If $b=1.5$, $c=2.5$, $\delta =1$, then $x=1$, $y=0$, and $E_2=E_1$. We only have the $E_0$ saddle point and the $E_1$ saddle node.

Example 11.

If $b=2$, $c=1.5$, $\delta =1$, then $x=4$, $y=-18$, and $E_2$ is a virtual equilibrium. We have the $E_0$ saddle point and the $E_1$ stable node.

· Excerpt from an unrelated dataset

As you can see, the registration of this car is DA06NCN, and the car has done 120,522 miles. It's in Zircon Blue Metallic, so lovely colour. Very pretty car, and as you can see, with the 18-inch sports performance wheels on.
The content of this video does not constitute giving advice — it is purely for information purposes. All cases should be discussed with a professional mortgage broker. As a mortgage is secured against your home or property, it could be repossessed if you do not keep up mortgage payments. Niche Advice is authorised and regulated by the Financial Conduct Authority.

Therefore, if the equilibrium point $E_2$ exists, then it may or may not be Jacobi-stable, whether the hypothesis of Conjecture 2 from [12] is fulfilled or not.

7. Conclusions

In this work, we conducted a study on the Jacobi stability of the Rosenzweig–MacArthur predator–prey system using the geometric tools of the KCC theory. We reformulated the first-order nonlinear differential system into a system of second-order differential equations (SODE) in order to determine the five geometrical invariants of the KCC theory. We calculated the first and the second invariant of the Kosambi–Cartan–Chern theory, and we were able to confirm that the third, fourth, and fifth invariants are all with null components, and that the Berwald connection vanishes. Furthermore, we determined the nonlinear connection associated with the semispray (SODE), and we computed the deviation curvature tensor at each equilibrium point in order to determine the Jacobi stability conditions.

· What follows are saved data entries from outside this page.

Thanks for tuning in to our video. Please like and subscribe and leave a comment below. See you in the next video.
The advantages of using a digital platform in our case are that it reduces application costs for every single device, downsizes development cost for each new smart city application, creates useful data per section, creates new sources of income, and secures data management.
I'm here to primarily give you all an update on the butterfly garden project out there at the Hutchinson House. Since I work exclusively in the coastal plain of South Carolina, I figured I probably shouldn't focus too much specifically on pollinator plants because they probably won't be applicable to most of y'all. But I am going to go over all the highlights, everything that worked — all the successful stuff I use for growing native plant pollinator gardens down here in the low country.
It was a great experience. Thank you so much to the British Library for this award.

Moreover, in order to compare these two approaches, a comparative analysis of the Jacobi stability and the Lyapunov (linear) stability near equilibrium points was made. Additionally, the deviation equations near every equilibrium point were determined. A next approach could be the performance of a computational study on the time variation of the deviation vector and its curvature in order to demonstrate the behavior of the Rosenzweig–MacArthur predator–prey system near the equilibrium points.